Task requirements: Although the data below holds other lines too, output only those from the line with "Oyster Shell Nails" up to and including the line with "2013 SKODA OCTAVIA", exactly as they appear.

Information:
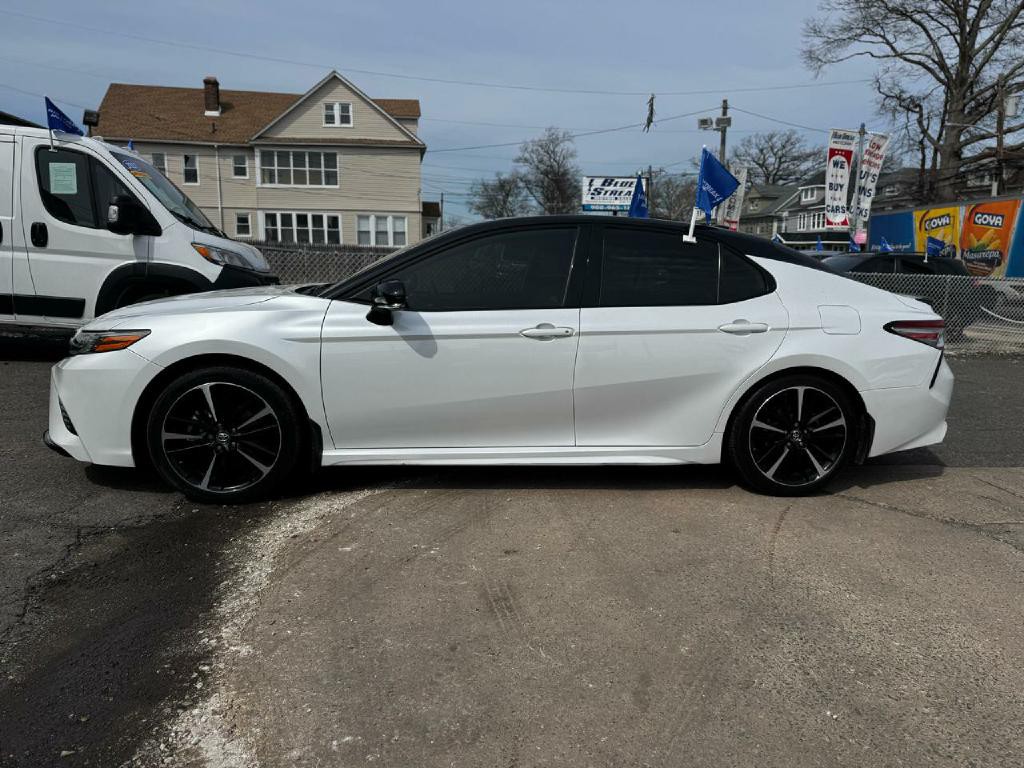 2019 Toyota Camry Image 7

--

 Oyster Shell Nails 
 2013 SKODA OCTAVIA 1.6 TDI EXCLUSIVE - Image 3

Task solution:
 Oyster Shell Nails 
 2013 SKODA OCTAVIA 1.6 TDI EXCLUSIVE - Image 3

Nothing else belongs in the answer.